The syntax of target_processors in this case is a full JSON Pointer that should look something like target.yaml#/pipeline/processors. For example, if we saved our test definition above in an arbitrary location like ./tests/first.yaml and wanted to target our original foo.yaml config file, we could do that with the following:

tests:
- name: example test
target_processors: '../foo.yaml#/pipeline/processors'
environment: {}
input_batch:
- content: 'example content'
metadata:
example_key: example metadata value
output_batches:
-
- content_equals: example content
metadata_equals:
example_key: example metadata value

Output Conditions#

bloblang#

bloblang: 'this.age > 10 && meta("foo").length() > 0'

Executes a Bloblang expression on a message, if the result is anything other than a boolean equalling true the test fails.

content_equals#

content_equals: example content

Checks the full raw contents of a message against a value.

content_matches#

content_matches: "^foo [a-z]+ bar$"

Checks whether the full raw contents of a message matches a regular expression (re2).

metadata_equals#

metadata_equals:
example_key: example metadata value

Checks a map of metadata keys to values against the metadata stored in the message.

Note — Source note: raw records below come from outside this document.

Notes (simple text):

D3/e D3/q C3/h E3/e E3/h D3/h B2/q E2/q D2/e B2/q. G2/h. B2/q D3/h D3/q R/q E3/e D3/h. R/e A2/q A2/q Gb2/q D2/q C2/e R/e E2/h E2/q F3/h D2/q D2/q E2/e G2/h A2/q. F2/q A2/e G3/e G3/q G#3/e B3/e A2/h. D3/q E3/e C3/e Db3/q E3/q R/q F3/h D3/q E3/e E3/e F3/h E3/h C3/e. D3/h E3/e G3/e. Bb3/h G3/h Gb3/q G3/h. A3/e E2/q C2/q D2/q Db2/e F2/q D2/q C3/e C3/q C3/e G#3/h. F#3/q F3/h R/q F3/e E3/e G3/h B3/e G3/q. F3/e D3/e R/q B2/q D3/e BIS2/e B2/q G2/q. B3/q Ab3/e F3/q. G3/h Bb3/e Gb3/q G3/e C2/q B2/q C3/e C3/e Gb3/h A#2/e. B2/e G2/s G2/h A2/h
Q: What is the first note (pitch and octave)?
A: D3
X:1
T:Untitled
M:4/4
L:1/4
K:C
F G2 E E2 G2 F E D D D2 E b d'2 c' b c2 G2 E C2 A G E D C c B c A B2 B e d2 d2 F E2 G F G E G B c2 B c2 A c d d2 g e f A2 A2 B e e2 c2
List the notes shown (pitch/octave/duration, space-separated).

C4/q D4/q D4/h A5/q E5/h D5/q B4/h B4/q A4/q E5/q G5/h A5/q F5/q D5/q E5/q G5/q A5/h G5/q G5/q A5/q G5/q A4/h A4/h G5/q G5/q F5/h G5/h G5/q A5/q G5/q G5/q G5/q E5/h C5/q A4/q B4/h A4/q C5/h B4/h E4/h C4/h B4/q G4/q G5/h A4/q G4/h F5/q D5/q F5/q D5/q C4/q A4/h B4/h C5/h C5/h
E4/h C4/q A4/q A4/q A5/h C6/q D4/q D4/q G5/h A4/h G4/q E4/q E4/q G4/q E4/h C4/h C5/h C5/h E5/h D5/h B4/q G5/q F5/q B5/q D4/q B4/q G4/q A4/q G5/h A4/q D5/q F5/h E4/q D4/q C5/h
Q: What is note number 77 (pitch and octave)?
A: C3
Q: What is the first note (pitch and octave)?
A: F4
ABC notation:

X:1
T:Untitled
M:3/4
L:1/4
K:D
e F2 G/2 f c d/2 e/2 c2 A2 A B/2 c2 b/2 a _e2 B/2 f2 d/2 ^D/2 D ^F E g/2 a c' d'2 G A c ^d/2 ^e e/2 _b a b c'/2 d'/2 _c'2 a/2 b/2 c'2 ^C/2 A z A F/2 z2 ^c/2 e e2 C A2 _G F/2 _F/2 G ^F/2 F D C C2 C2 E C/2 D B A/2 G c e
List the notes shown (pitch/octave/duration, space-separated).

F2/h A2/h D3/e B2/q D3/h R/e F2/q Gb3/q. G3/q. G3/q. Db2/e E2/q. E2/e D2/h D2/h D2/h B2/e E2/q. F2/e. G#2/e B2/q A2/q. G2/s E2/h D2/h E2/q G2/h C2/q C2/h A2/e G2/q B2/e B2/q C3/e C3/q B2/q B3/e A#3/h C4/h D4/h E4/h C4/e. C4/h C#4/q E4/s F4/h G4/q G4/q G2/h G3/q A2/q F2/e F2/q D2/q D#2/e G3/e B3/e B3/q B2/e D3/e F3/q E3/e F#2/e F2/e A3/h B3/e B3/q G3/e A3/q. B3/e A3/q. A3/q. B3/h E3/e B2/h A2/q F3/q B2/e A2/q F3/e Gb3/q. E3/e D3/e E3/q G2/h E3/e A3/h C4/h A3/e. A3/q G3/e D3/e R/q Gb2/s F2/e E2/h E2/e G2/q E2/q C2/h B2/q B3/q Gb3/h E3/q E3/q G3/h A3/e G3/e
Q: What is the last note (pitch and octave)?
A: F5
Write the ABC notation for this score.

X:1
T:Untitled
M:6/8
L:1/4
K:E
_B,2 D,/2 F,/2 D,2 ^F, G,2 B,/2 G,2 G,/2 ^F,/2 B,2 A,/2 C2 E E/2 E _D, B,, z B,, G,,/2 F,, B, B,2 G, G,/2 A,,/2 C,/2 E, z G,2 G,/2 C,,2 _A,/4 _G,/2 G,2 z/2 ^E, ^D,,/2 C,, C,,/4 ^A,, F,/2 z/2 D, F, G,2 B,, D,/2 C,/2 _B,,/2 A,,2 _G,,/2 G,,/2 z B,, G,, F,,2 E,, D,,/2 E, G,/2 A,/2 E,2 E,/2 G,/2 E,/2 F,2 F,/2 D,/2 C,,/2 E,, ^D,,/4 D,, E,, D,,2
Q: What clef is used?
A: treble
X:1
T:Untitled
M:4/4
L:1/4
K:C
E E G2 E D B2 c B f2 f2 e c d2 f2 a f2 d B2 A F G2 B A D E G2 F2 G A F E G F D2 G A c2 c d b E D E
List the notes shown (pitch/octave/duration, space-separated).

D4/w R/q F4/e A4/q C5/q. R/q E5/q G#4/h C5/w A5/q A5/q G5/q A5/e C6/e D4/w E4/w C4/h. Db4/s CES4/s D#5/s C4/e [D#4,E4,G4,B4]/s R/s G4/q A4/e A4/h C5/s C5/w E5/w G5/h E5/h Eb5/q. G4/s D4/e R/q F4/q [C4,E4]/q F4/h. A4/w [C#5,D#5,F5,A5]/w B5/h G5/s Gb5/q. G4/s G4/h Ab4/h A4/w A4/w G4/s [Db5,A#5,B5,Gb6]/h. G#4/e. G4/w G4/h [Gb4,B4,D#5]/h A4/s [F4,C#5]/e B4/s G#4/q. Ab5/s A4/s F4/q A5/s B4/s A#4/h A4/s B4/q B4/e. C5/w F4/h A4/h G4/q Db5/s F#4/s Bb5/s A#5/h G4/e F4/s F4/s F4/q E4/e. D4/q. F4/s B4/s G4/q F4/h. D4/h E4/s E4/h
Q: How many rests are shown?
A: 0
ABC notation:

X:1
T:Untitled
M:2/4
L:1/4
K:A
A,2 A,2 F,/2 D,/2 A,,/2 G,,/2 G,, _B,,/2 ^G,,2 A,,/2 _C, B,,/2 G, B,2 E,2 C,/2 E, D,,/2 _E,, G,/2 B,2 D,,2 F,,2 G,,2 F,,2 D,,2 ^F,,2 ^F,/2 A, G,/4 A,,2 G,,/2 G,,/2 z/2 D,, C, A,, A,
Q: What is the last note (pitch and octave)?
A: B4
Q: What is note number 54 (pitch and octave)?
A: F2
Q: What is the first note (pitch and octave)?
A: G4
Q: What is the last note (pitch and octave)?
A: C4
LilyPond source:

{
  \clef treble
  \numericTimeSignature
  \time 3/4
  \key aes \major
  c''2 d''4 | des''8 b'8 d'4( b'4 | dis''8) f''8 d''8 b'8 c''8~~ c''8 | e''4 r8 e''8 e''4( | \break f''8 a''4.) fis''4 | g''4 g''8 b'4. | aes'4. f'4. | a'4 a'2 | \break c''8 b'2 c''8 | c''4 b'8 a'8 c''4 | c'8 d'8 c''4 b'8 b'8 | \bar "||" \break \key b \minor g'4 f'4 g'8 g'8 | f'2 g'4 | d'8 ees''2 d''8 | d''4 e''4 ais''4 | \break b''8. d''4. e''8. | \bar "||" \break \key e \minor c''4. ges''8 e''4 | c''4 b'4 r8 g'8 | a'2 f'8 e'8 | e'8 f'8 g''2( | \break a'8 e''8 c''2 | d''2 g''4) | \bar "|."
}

If there is a value mismatch between a key of the condition versus the message metadata this condition will fail.

json_equals#

json_equals: { "key": "value" }

Checks that both the message and the condition are valid JSON documents, and that they are structurally equivalent. Will ignore formatting and ordering differences.

You can also structure the condition content as YAML and it will be converted to the equivalent JSON document for testing:

json_equals:
key: value

json_contains#

json_contains: { "key": "value" }

Checks that both the message and the condition are valid JSON documents, and that the message is a superset of the condition.

Running Tests#

Executing tests for a specific config can be done by pointing the subcommand test at either the config to be tested or its test definition, e.g. benthos test ./config.yaml and benthos test ./config_benthos_test.yaml are equivalent.

In order to execute all tests of a directory simply point test to that directory, e.g. benthos test ./foo will execute all tests found in the directory foo. In order to walk a directory tree and execute all tests found you can use the shortcut ./..., e.g. benthos test ./... will execute all tests found in the current directory, any child directories, and so on.